DT-Sampler

Abstract

Interpretable (or explainable) machine learning models, such as decision trees, play a crucial role in the context of trustworthy AI. However, finding optimal decision trees (i.e., minimum size and maximum accuracy trees) is not a simple task and remains an active area of research. While a single decision tree has limited expressivity, using an ensemble of decision trees can effectively capture the complex structures found in many real-world applications. Many existing tree ensemble methods are greedy and suboptimal, and often suffer from randomness in the tree generation process. In this paper, we introduce DT-sampler, a SAT-based decision tree ensemble which allows explicit control over both the size and accuracy of the sampled trees. We developed a novel SAT-based encoding method that utilizes only branch nodes, resulting in a compact representation of decision tree space. Additionally, standard point predictions made using decision tree ensembles do not offer any statistical guarantee over miscoverage rate. We employ conformal prediction (CP), a distribution- free statistical framework which provides a valid finite-sample coverage guarantee, to demonstrate that DT-sampler is statistically more efficient and produces stable results when compared with random forest classifier. We demonstrate the effectiveness of our method through several benchmark and real-world datasets.

Details

You can find more details about DT-Sampler in our paper. The previous version of DT-Sampler (ICML2023 Workshop paper) can be found at https://arxiv.org/abs/2307.13333 and its original codebase at https://github.com/tsudalab/DT-sampler.

Method overview:

SAT-based decision tree encoding

We propose an efficient SAT-based approach(only branch node encoding) for constructing decision trees . By introducing a small set of variables and constraints, this method can ensure high accuracy and reduce the search space.

Decision tree sampling

DT-sampler is an ensemble model based on decision tree sampling. Different from random forest, DT-sampler uniformly samples decision trees from a given space, which can generate more stable results and provide higher interpretability compared to random forest. DT-sampler only has two key parameters: #node and threshold. #node constrains the size of decision trees generated by DT-sampler and threshold ensures a minimum training accuracy for each decision tree.

Calibration using conformal prediction

We use conformal prediction to conformalize the sampled trees by a DT-sampler, each offering a coverage guarantee at level $1-\alpha$. Unlike a standard decision tree that yields a single best guess, a conformal tree outputs a prediction set $\mathcal{C}_{\alpha}(x)$ that contains the (unknown) true label y of a test example x with probability at least $1-\alpha$.This coverage-driven approach ensures statistical validity while maintaining interpretability, especially when restricting tree size.

By combining SAT-based tree generation with conformal calibration, we achieve flexible, controllable decision tree ensembles that retain the benefits of smaller, interpretable models without sacrificing performance guarantees.

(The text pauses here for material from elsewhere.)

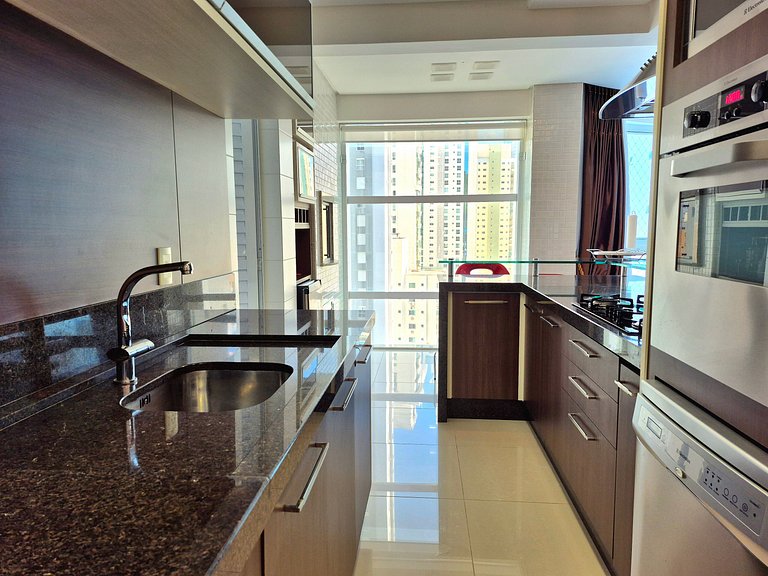 CURTA!|189| 3Q Versailles Conforto |Roda Gigante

Feature importance measurement:

The feature importance is defined as the contribution of each feature to a high accuracy space.

① Encode the construction of decision trees as a SAT problem.
② Utilize SAT sampler to uniformly sample multiple satisfiable solutions from the high accuracy space.
③ Decode the satisfiable solutions back into decision trees.
④ Estimate the training accuracy distribution of the decision trees in the high accuracy space.
⑤ Measure feature importance by calculating the emergence probability of each feature.

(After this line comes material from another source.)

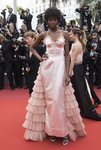 Maria Borges en la alfombra roja de Cannes con un vestido con cola de gasa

Environmental configuration

We recommend creating a virtual environment using conda or venv. The "requirements.txt" file has been provided to reproduce the environment. We tested our implementation using Python 3.12.8.

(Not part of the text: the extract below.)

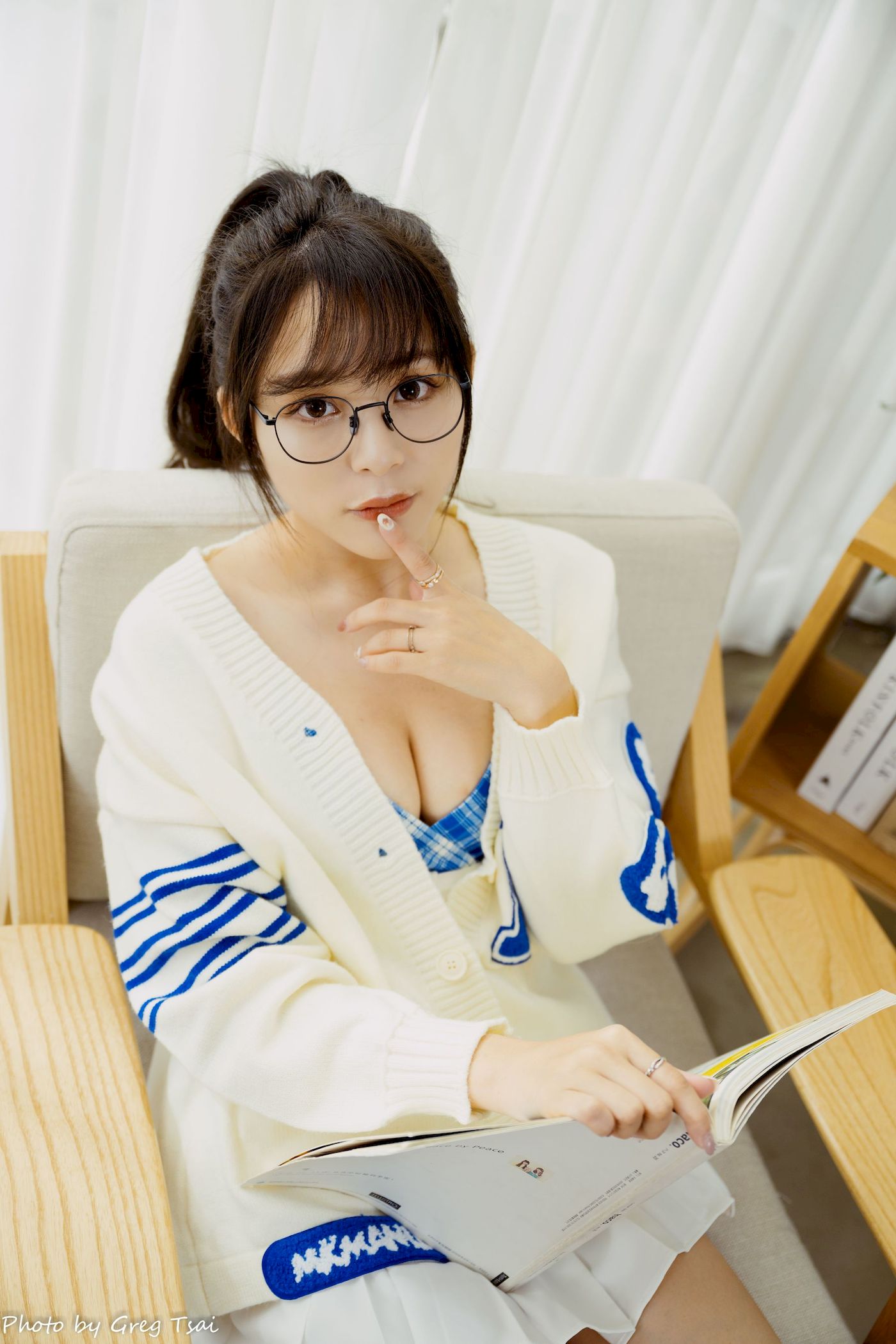 Ashley素色毛衣搭配白色百褶裙居家写真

Create a Conda Virtual Environment

conda create -n dtsampler python=3.12.8 -y
conda activate dtsampler

Install Dependencies

pip install -r requirements.txt

Quick Start

To encode a decision tree invoke the following function in encode.py.

get_solution(X_train, y_train, traget_nodes, true_n, export_path, is_leaf_sampling=True)

To train and generate sample decision trees execute the following code snippet.

dt_sampler = DT_sampler(X_train, y_train, node_n, threshold, cnf_path)
dt_sampler.run(num_samples, method="unigen", sample_seed=seed)

And you check example.ipynb for a detailed understanding.

Contact

Tsuda Laboratory (https://www.tsudalab.org/)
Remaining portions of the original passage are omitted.